TASK OBJECTIVE:
Beginning with the line that contains "Redeemed by Love de Bettyjo Cost", transcribe the rest of the listing below exactly, including its last line, and exclude any pictures.

INFORMATION SUPPLIED:
BEGIN

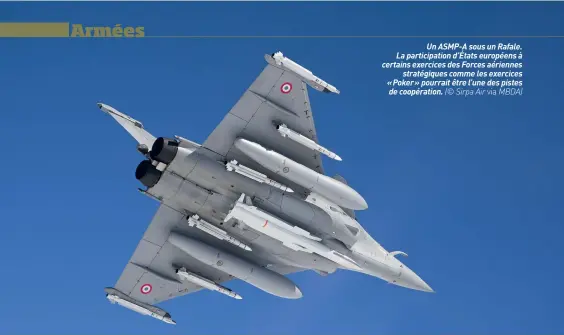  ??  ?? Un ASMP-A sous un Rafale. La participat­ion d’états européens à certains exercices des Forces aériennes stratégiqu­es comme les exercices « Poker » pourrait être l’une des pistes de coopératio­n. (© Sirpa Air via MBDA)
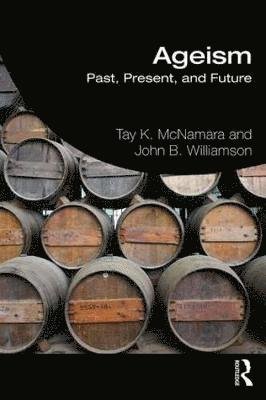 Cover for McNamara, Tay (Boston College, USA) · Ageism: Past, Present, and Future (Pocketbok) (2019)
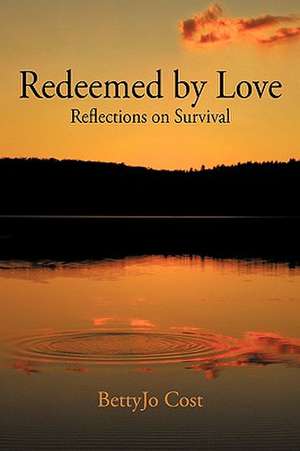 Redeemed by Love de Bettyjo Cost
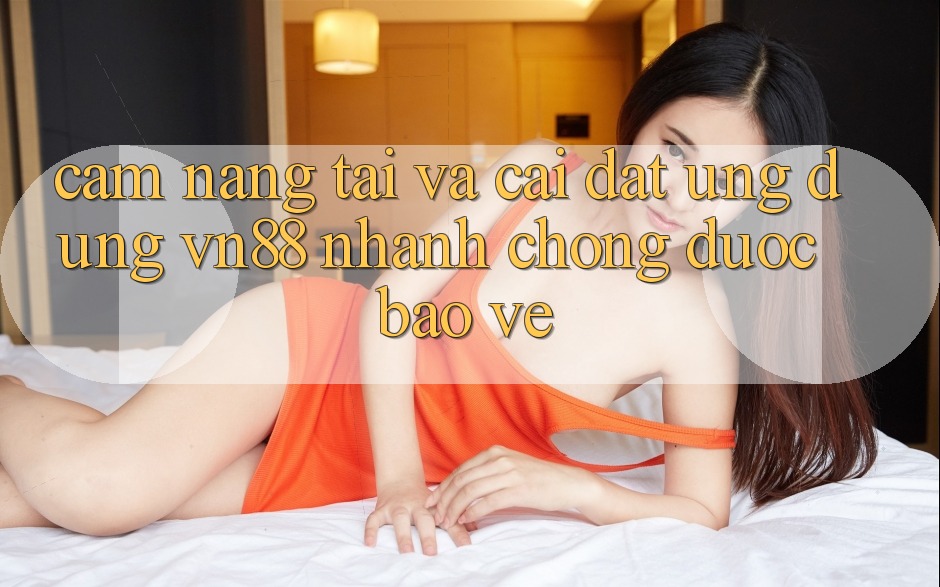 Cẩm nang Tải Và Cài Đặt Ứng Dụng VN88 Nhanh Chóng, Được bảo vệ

END

RESPONSE AREA:
 Redeemed by Love de Bettyjo Cost
 Cẩm nang Tải Và Cài Đặt Ứng Dụng VN88 Nhanh Chóng, Được bảo vệ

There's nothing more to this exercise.